Smith v. . Keller

98 N.E. 214, 205 N.Y. 39, 1912 N.Y. LEXIS 1189
CourtNew York Court of Appeals
DecidedMarch 19, 1912
StatusPublished
Cited by51 cases

This text of 98 N.E. 214 (Smith v. . Keller) is published on Counsel Stack Legal Research, covering New York Court of Appeals primary law. Counsel Stack provides free access to over 12 million legal documents including statutes, case law, regulations, and constitutions.

Bluebook
Smith v. . Keller, 98 N.E. 214, 205 N.Y. 39, 1912 N.Y. LEXIS 1189 (N.Y. 1912).

Opinion

Chase, J.

Ellen Raidy duly made her will April 15, 1896. At that time she was a widow with four children. By her will she gave to her daughter Diana one dollar, And divided in equal shares the remainder of her property, real and personal, among her three children, Daniel, Kate and Louise. Daniel died April 20, 1906, leaving a will by which he gave all of his property to his mother, *41 but provided therein that in case his mother did not survive him then he gave all of his property to his sisters, Kate and Louise. Ellen survived Daniel, and died February Id, 1907. Her will was admitted to probate March 17, 1907. This action was thereafter commenced to determine the validity or invalidity of the probate of the will of Ellen pursuant to the provisions of section 2653a of the Code of Civil Procedure.
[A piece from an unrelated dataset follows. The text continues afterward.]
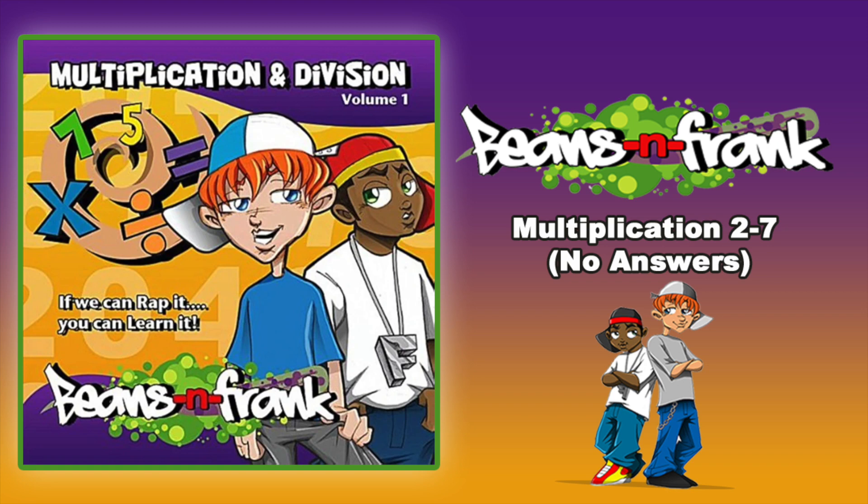6 x 3 is, 6 x 4 is, 6 x 5 is, 6 x 6 is, 6 x 7 is, 6 x 8 is, 6 x 9 is, 6 x 10 is, 6 x 11 is, 6 x 12 is.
It is alleged in the complaint in substance that the execution of the will of Ellen was secured by fraud and undue influence, and that at the time of the alleged making and execution of said will and for a long time prior thereto she was weak, sick, aged and infirm and otherwise in such condition that she could be easily influenced, and that her children, Daniel, Kate and Louise, by threats, duress and coercion, compelled her to execute said will and practically disinherit Diana, the plaintiff.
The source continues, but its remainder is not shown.